**WHAT IS EXPECTED:**
Reproduce the listing in its entirety. Do not reproduce the pictures.

::::

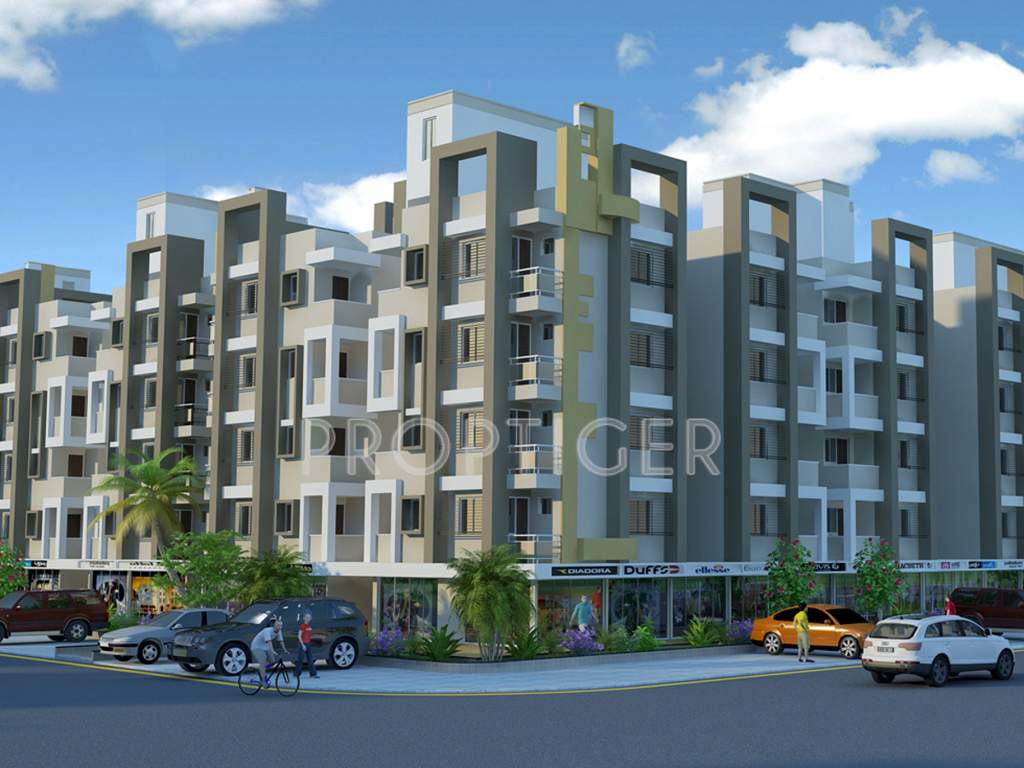  swaminarayan park Images for Elevation of Dharmadev Swaminarayan Park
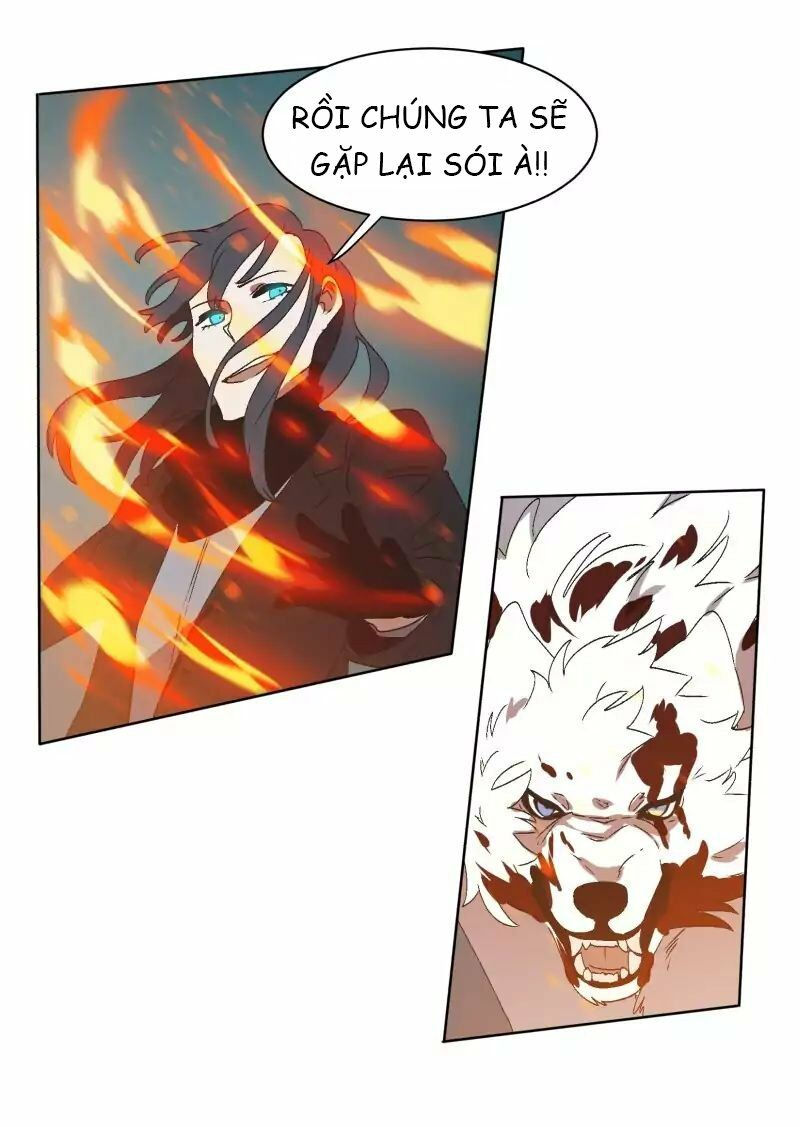 lumine - cội nguồn ánh sáng chapter 29 36
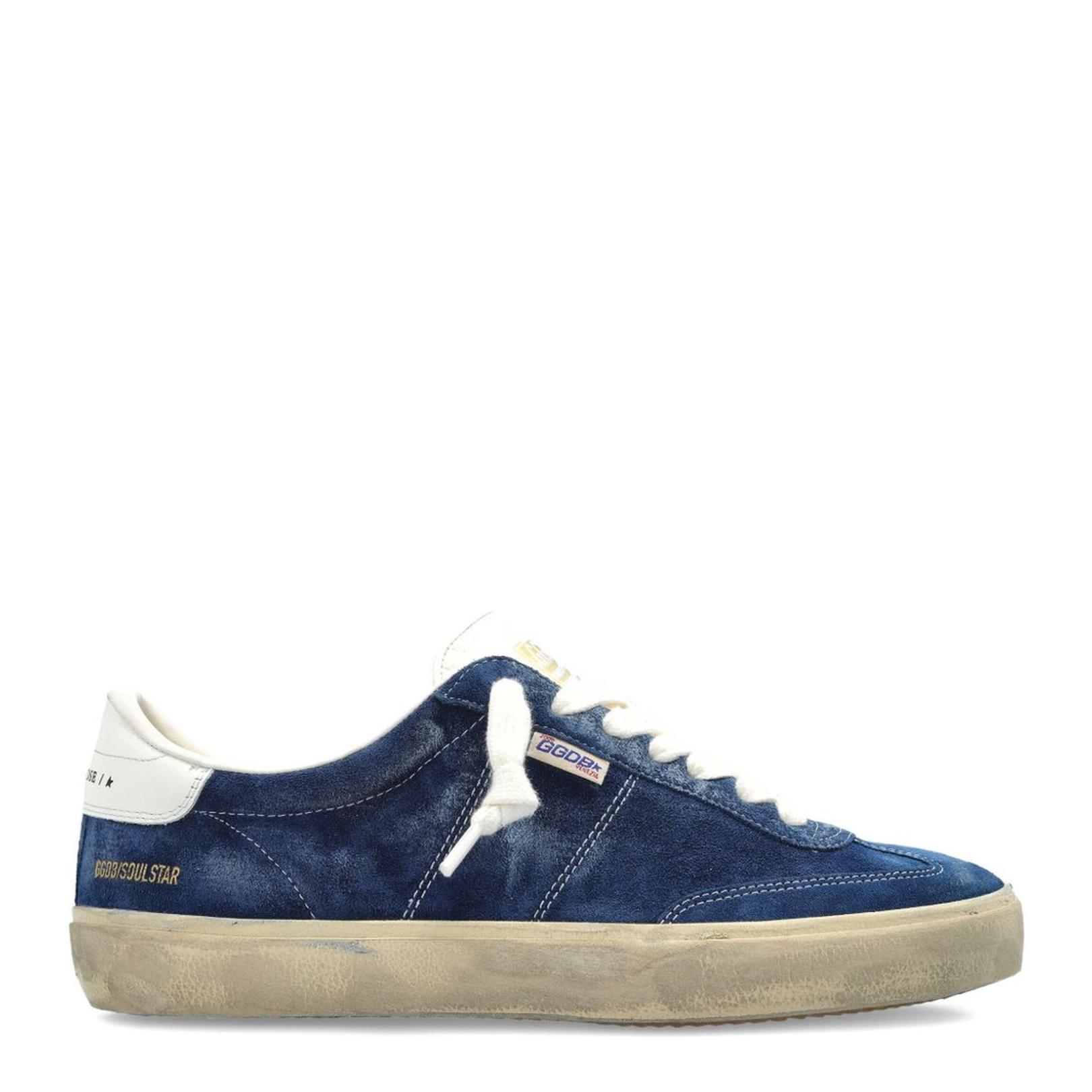 Soul-Star Leather Sneakers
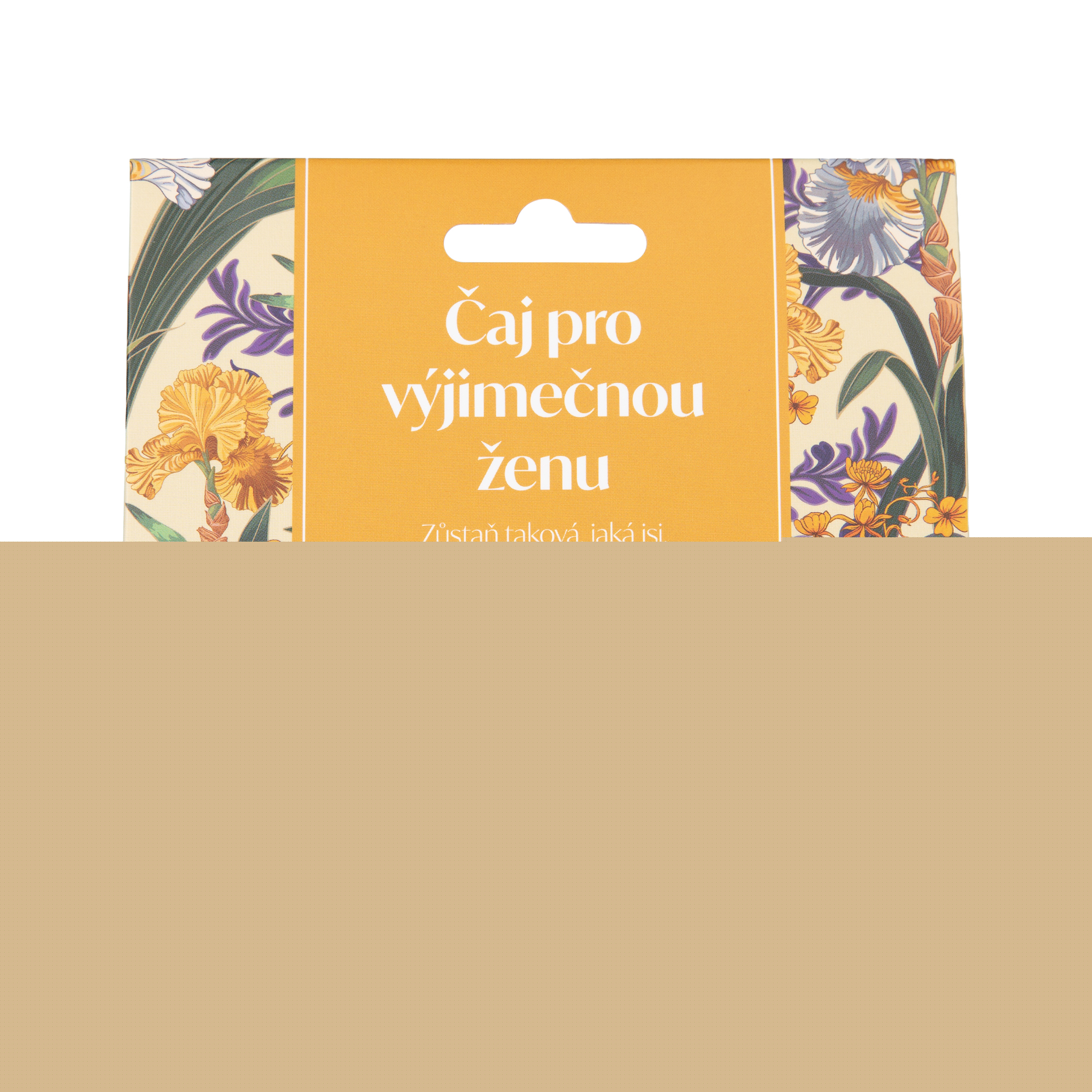 Čaj - Pro výjimečnou ženu Albi - Obrázek 2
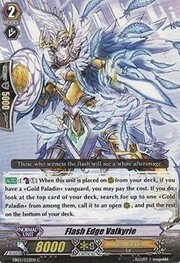 Flash Edge Valkyrie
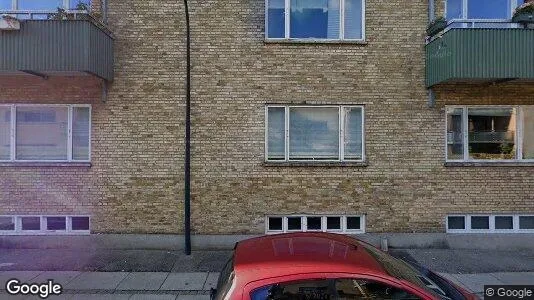 Lejligheder til salg i Charlottenlund - Foto fra Google Street View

::::

**TASK SOLUTION:**
  swaminarayan park Images for Elevation of Dharmadev Swaminarayan Park
 lumine - cội nguồn ánh sáng chapter 29 36
 Soul-Star Leather Sneakers
 Čaj - Pro výjimečnou ženu Albi - Obrázek 2
 Flash Edge Valkyrie
 Lejligheder til salg i Charlottenlund - Foto fra Google Street View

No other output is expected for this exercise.